El siguiente paso para encontrar nuestro lugar en el Universo era saber si todo cuanto existe está en nuestra galaxia o si hay algo más fuera de los límites de la Vía Láctea. Esta es la tarea a la que se dedicó Edwin Hubble, el hijo de un ama de casa y un vendedor de seguros, cuando comenzó a observar el firmamento con el telescopio más poderoso del mundo en 1919. Hubble encontró que algunas nubes brillantes en el firmamento, conocidas como nebulosas, estaban por fuera de nuestra propia galaxia y ellas mismas eran otras galaxias como la nuestra.
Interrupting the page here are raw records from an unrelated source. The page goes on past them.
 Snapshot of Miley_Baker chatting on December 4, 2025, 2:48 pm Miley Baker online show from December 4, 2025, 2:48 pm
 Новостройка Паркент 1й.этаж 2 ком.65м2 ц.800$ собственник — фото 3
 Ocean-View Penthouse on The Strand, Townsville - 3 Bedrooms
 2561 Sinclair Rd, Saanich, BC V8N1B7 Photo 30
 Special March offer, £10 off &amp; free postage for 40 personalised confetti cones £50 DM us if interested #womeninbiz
Sin embargo, la sorpresa no terminaba allí.

Hubble decidió combinar sus observaciones con las de los astrónomos Vesto Slipher y Milton Humason, quienes habían medido la velocidad de estas nebulosas con respecto a nosotros utilizando el efecto Doppler, es decir el cambio de color de la luz cuando la fuente se encuentra en movimiento, el mismo efecto que hace que el sonido de una ambulancia cambie cuando se está acercando o se está alejando de nosotros. Lo que Hubble encontró es que las galaxias se están alejando de nosotros y mientras más lejos están más rápido se alejan, un descubrimiento que tiene profundas implicaciones en nuestra forma de ver el Universo: durante siglos todo nuestro Universo era la Vía Láctea, luego descubrimos que hay otras galaxias distintas a la nuestra y que además estas galaxias se están alejando de nosotros en todas las direcciones. Se necesitaba una gran imaginación y conocimiento de las leyes de la física para explicar el descubrimiento de Hubble y esas dos cualidades se conjugaron en un hombre: el sacerdote católico Georges Lemaître.
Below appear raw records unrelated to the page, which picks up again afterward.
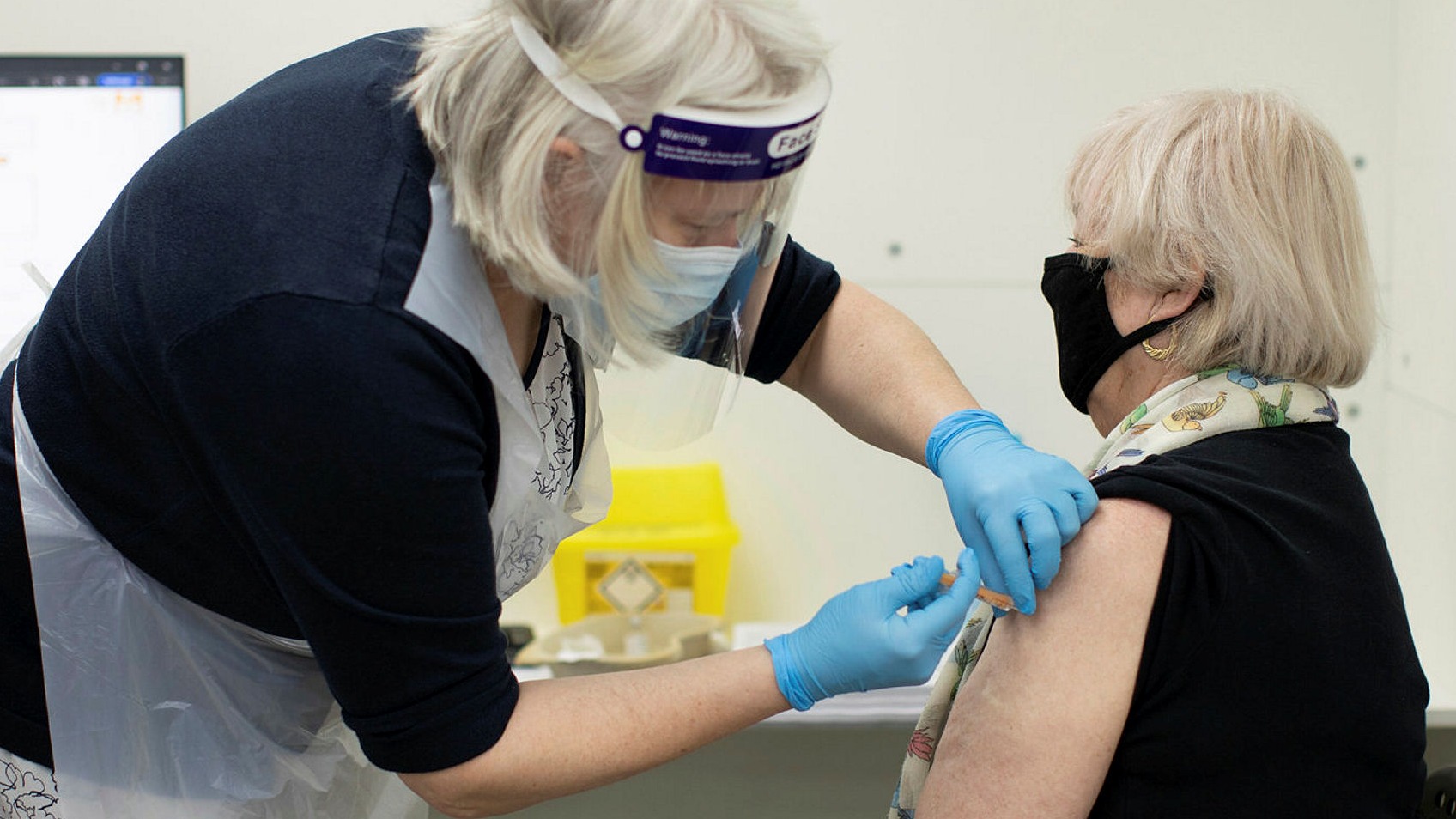 Uk Targets Early May To Vaccinate All Over 50s Against Covid 19 Financial Times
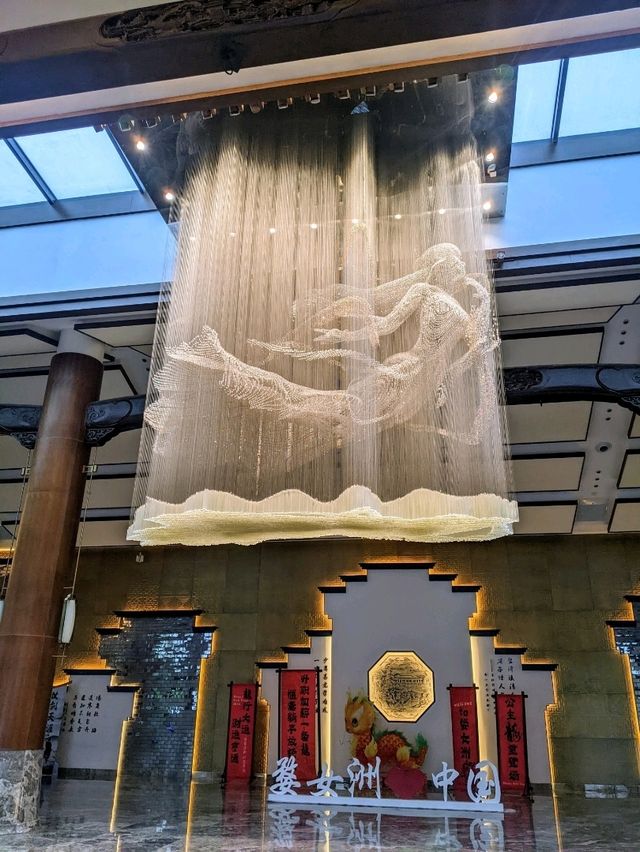 婺女飛天、懸空金閣，新興網美打卡勝地：婺女州度假區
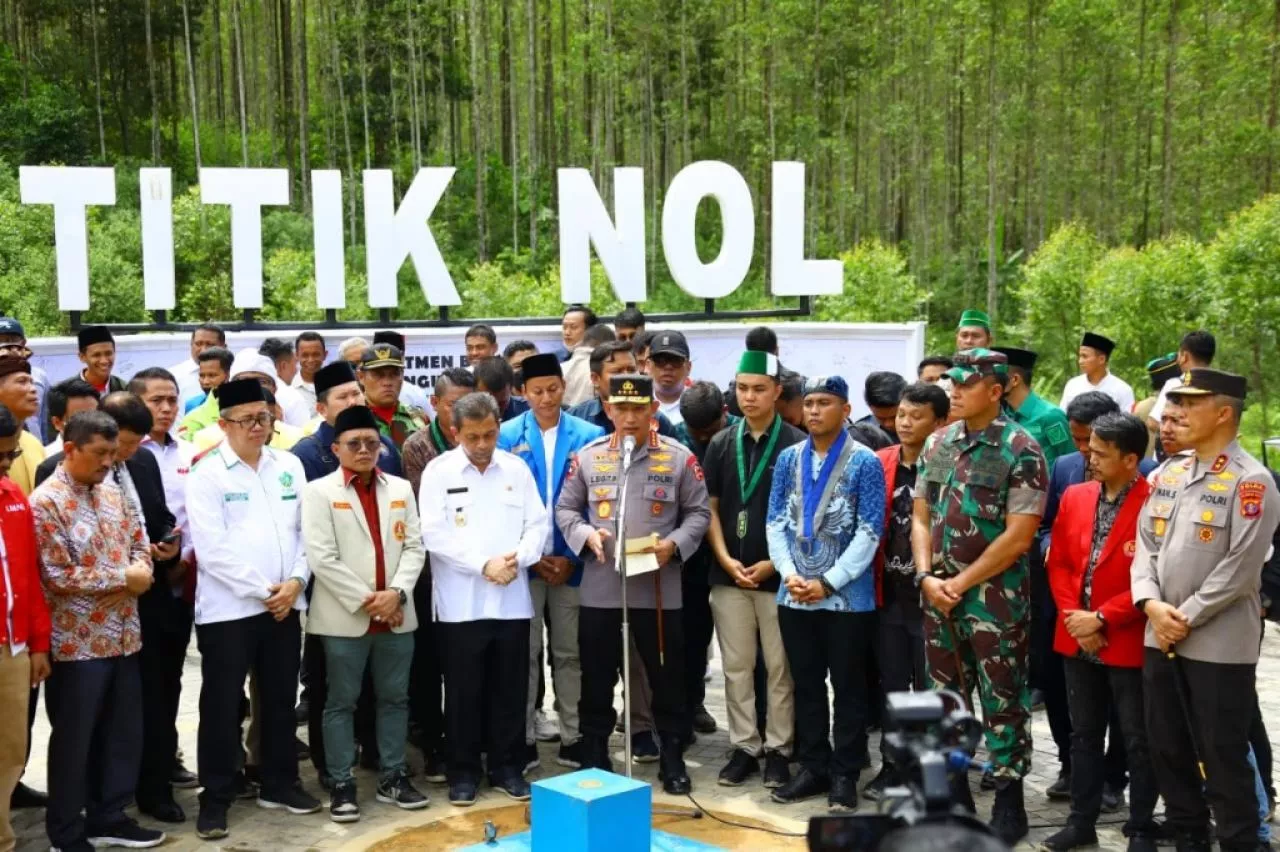 Kapolri Gelorakan Indonesia Emas 2045, Acara Gelar Bakti Kesehatan Titik O IKN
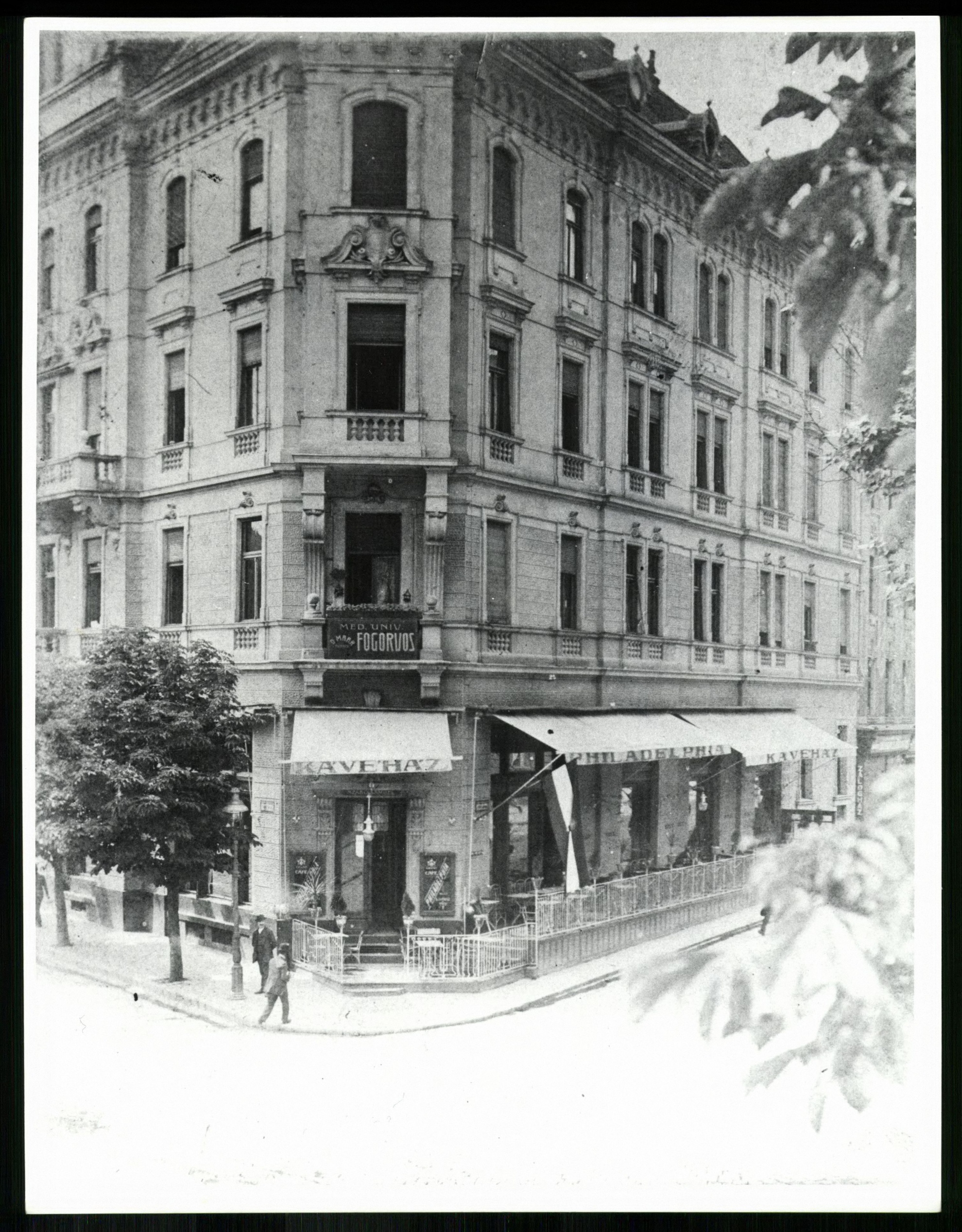 A Philadelphia kávéház a századfordulón (Magyar Kereskedelmi és Vendéglátóipari Múzeum CC BY-NC-ND)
En 1916, Albert Einstein ya no era el desconocido empleado de la oficina de patentes que había deslumbrado al mundo con sus descubrimientos. Einstein había unificado los dos lados del oficio del astrónomo en la idea de espacio-tiempo, había adquirido un gran prestigio científico y vivía cómodamente en Berlín como miembro de la Academia Prusiana de Ciencias. Sin embargo, su curiosidad no se había agotado y fue en ese año cuando Einstein publicó sus trabajos de relatividad general, una descripción de la gravedad como una propiedad del espacio y el tiempo. Según Einstein, la geometría del espacio-tiempo está directamente relacionada con la energía contenida en la materia y la radiación. Por si le preguntan en un coctel: según la relatividad general, la forma de nuestro Universo es el producto de la luz y la materia que hay en él.

La relatividad general es la herramienta que los científicos utilizan para describir el Universo en su conjunto, algo que compone una rama de la física que se llama cosmología. La cosmología contrasta con la forma en que la astronomía describe el Universo a partir de sus componentes, pero al final son complementarias: se pueden estudiar las ramas, los frutos, o las hojas de los árboles en un bosque o se puede describir la distribución de los árboles en el bosque, al final el objeto de estudio es el mismo. Usando la relatividad general, los científicos comenzaron a imaginar universos de distintas formas, universos que se expanden o se encogen, universos en donde la distancia más corta entre dos puntos no es una línea recta, universos inmóviles, universos abiertos y universos cerrados, universos y más universos, la imaginación era el límite.

Georges Lemaître era uno de los científicos que jugaban con los posibles universos que permitía la relatividad general de Einstein. Cuando tenía 20 años de edad, el joven Lemaître truncó sus estudios de ingeniería civil en 1914 para servir a su país como oficial de artillería durante la Primera Guerra Mundial. Al finalizar la guerra, se dedicó a estudiar para convertirse en doctor en física y matemática e ingresó al seminario para finalmente hacerse sacerdote católico. Lemaître tuvo la oportunidad de trabajar con algunos de los astrónomos más importantes de su época en Inglaterra y Estados Unidos, y al regresar a Bélgica, en 1925, publicó un artículo en donde discute la idea de un universo en expansión que se había originado en una singularidad que más tarde se conocería como el Big Bang (la Gran Explosión). Con esta idea, Lemaître creaba el puente entre las observaciones de Hubble y la relatividad de Einstein. Una idea tan grande requería pruebas extraordinarias y a Lemaître le tomaría casi 10 años convencer a la comunidad científica y al mismo Einstein de la importancia de su descubrimiento. Años más tarde, Einstein diría de la teoría de Lemaître: “Es la explicación de la creación más hermosa y satisfactoria de todas las que he oído”.